*** Block opens ***
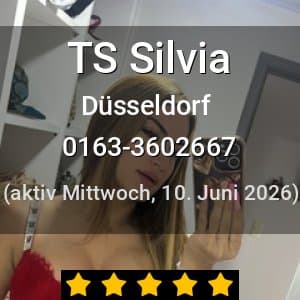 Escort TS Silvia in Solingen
*** Block closes ***
*** Block opens ***
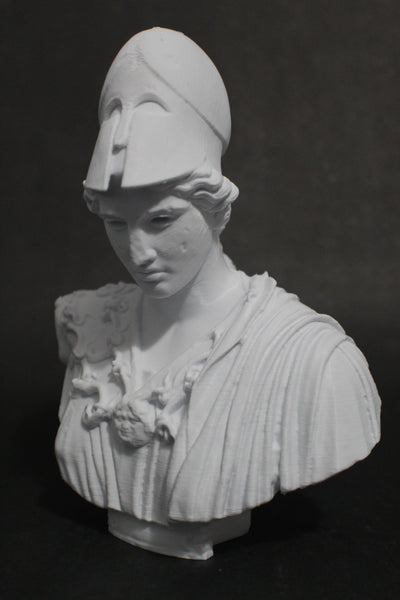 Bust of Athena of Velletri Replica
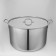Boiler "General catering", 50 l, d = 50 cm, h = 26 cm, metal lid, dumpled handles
*** Block closes ***
*** Block opens ***
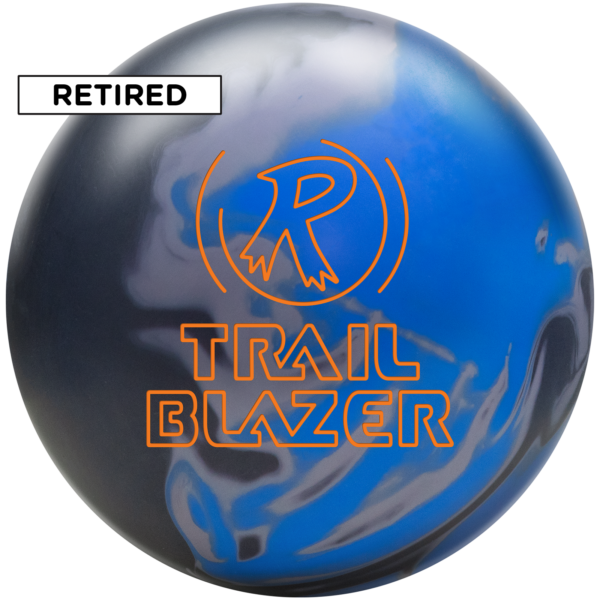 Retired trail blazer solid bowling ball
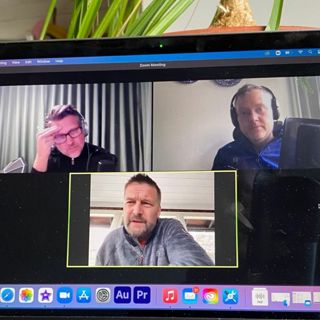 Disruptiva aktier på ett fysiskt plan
*** Block closes ***
● **Task description**: Print exactly, with no pictures, the lines above from the one that holds "Retired trail blazer solid bowling ball" through the one that holds "Disruptiva aktier på ett fysiskt plan", both of them included.

● **Response**:
 Retired trail blazer solid bowling ball
 Disruptiva aktier på ett fysiskt plan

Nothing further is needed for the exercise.